There’s also another very simple reason why shows with POC protagonists and heavy minority casts are doing well - and it’s nothing to do with PCism or network quotas. It’s because people are watching them religiously - not least of which because they are actually depicting the world as it is, rather than this ridiculous whitewashed fantasy so many writers seem to think we want to see.
It also allows stories to be told that are not being depictedd, that are constantly passed over as we tell the story of yet another cis, straight, white able-bodied man over and over again.

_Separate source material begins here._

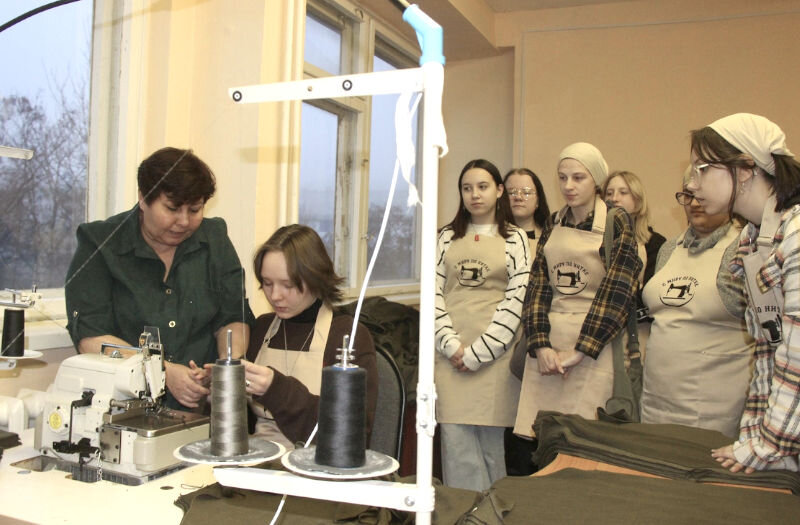    Первый мастер-класс проекта «Швейная мастерская «С миру по нитке: с любовью из дома для наших бойцов» (фото: Евгений Гудименко)
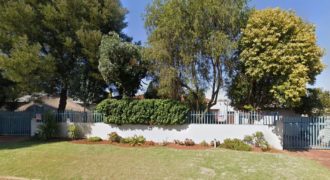 5 bedroom house with a 2 bedroom flat in Florentia R1 780 000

By finally opening up their casts - especially the casts of main characters and protagonists - to POC and other minorities then we have a whole wealth of neglected stories and experiences and viewpoints to draw upon. In a media far too often stuck on reboots and tropes, we have a whole treasure trove of original stories to draw upon and present in fascinating new ways. All these stories that cannot be told with an erased or tokenised cast - and some of these stories are extremely important and relevant to so many current events.
And, at the most cynical, there’s also a huge audience of POC (and other minorities) who are, frankly, pretty desperate to see themselves in a meaningful fashion. After so much erasure and tokenism and shallow tropes, opening up the casting of protagonists and other major characters finally gives these audiences characters they can identify with, characters they have been craving for so long. Characters who look like them who are finally being included in a meaningful fashion and are telling stories that are actually engaging as well as being their own stories - not additions or extras to some white protagonist’s story. Stories that are evocative of the culture and experiences of POC, like Empire. Is it any wonder they tune in every week? Is it any wonder they tweet and facebook and talk it up everywhere they can? This is a largely untapped gold mine and a nearly assured fanbase before the pilot even airs (though, as Sleepy Hollow has shown, that fanbase can still be Cranewrecked).
Commenters who lament this small reduction in the number of White protagonist need to pause and think what POC and other minorities feel about the current state of the media.
There is so much wrong with this article - from the idea that these relatively few POC roles is somehow excessive through to the idea that this is a negative trend rather than seeing the power and opportunity of it for original storytelling, representation of sorely under served groups and of expanding everyone’s experience. Visibility matters and far too many people manage to live lives insulated from the experiences of POC and other minorities which, in turn, allows them to maintain blinkers to a lot of severe injustices in our society or maintain their own prejudices, fears and ignorances. Bringing minority experiences and minority characters to these sheltered bubbles is a powerful and vital opportunity we should be embracing - not fretting over because White characters are less an utterly overwhelming majority on a relatively minority of shows.